The chief executive officers of Suncor Energy Inc. and Canadian Oil Sands Ltd. both say they've got votes on their side as the nation's top crude producer promotes a hostile takeover bid for its smaller rival. One of them is going to be disappointed.
Ryan Kubik, the Canadian Oil Sands CEO, said in an interview Thursday that shareholders, big and small, aren't being wooed by the $4.5-billion ($3.4-billion U.S.) unsolicited offer from Suncor, which the board rejected. His comments come a day after Suncor's Steve Williams said in an interview that he expects major shareholders to back the deal.
Suncor is seeking to take advantage of an industry downturn to get even bigger, in part by making purchases including Canadian Oil Sands, the largest owner of the Syncrude mining project in northern Alberta. Both companies are trying to cut costs to remain profitable amid a crude price slump that has lasted 17 months and cost the Canadian energy industry more than 36,000 in lost jobs.
"The vast majority of major shareholders I'm talking to are saying that the Suncor offer is substantially inadequate," Kubik said on Bloomberg TV Canada from Calgary, where the two companies are based. "When we poll the retail shareholders, and I get e-mails from those retail shareholders, they're telling us the same thing."
Shareholders are conveying the opposite view to Williams, according to the executive. In the first 10 days after the offer was made public, Williams and Suncor's management met with 60 per cent of the Canadian Oil Sands' institutional shareholders, he said.
"The messages I got were very different than the messages they are talking about," Williams said at Bloomberg's Toronto office. "The majority say they will tender."
The offer is for 0.25 of a Suncor share for each Canadian Oil Sands share. Based on Suncor's stock price Thursday, that represents a 50 per cent premium over the Canadian Oil Sands price before the bid was announced last month. Suncor would also take on the $2.35-billion of Canadian Oil Sands debt, as of the end of the third quarter.
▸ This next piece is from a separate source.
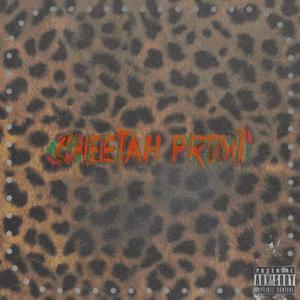 CHEETAH PRINT (feat. jajabank$) [Explicit]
The premium has risen from an initial 43 per cent as falling crude prices hit Canadian Oil Sands' stock harder. The company's shares have dropped 16 per cent this year, compared with a 0.6 per cent gain for Suncor.
While Canadian Oil Sands shares traded 9.9 per cent higher than the Suncor offer when it was first announced on speculation another buyer would emerge, now the bid is worth 5.4 per cent more than the target company's stock, based on Thursday's closing prices. If no takeover of Canadian Oil Sands happens, the company's stock is poised to plummet, said Martin Pelletier, managing director and portfolio manager at TriVest Wealth Counsel Ltd. in Calgary.
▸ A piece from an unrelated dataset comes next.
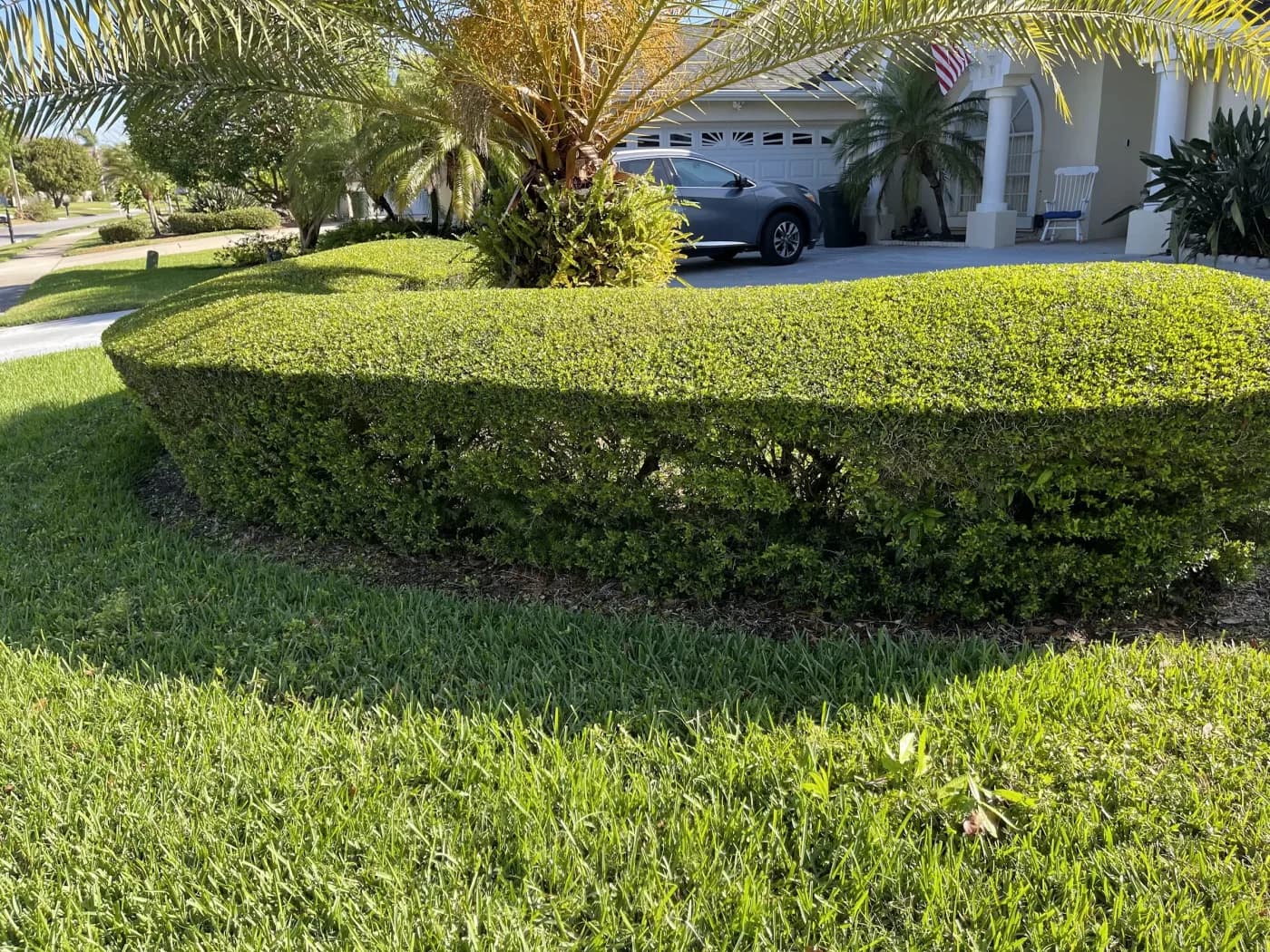 Freshly trimmed hedge circle beside a driveway with a mature palm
"The trading is telling you investors are worried the deal isn't going to go through," said Pelletier, who bought Canadian Oil Sands shares earlier this year betting on a takeover bid, and sold his stake to capture the gain after the Suncor offer. "The risk is just too great, with regard to the upside versus the downside. No one else has stepped up and we haven't seen a higher offer from Suncor."
Last week, Suncor appealed directly to Canadian Oil Sands shareholders in a letter warning that if they don't accept the bid, they risk continuing to own shares in a company that has demonstrated "consistently disappointing performance." Suncor's offer is "full and fair" and would allow the company to devote more resources to improve the Syncrude venture, according to the letter. Seven companies including Canadian Oil Sands and Suncor own Syncrude, and the merger would give Suncor a 49 per cent stake, up from its current 12 per cent.
Canadian Oil Sands is resilient at current prices and can cover costs with U.S. crude at $45 a barrel, Kubik said Thursday.
The Alberta Securities Commission is expected to uphold Canadian Oil Sands' new shareholder rights plan after hearing Suncor's appeal on Nov. 26 to strike down the so-called poison pill, Kubik said. Suncor's bid isn't permitted unless it's extended, Canadian Oil Sands said last month in introducing the new plan that calls for 120 days to consider bids. Suncor's offer is open for acceptance until Dec. 4.
The board of Canadian Oil Sands continues a strategic alternatives process in which it's talking to other potential bidders, Kubik said.
"We do have interest from other parties in that process," he said, declining to give details. "All alternatives are going to be reviewed."
Williams said there is a "reality check" going on in the oil patch, where sellers are being forced to recognize the price they think their assets are worth is no longer the case in a low oil price environment.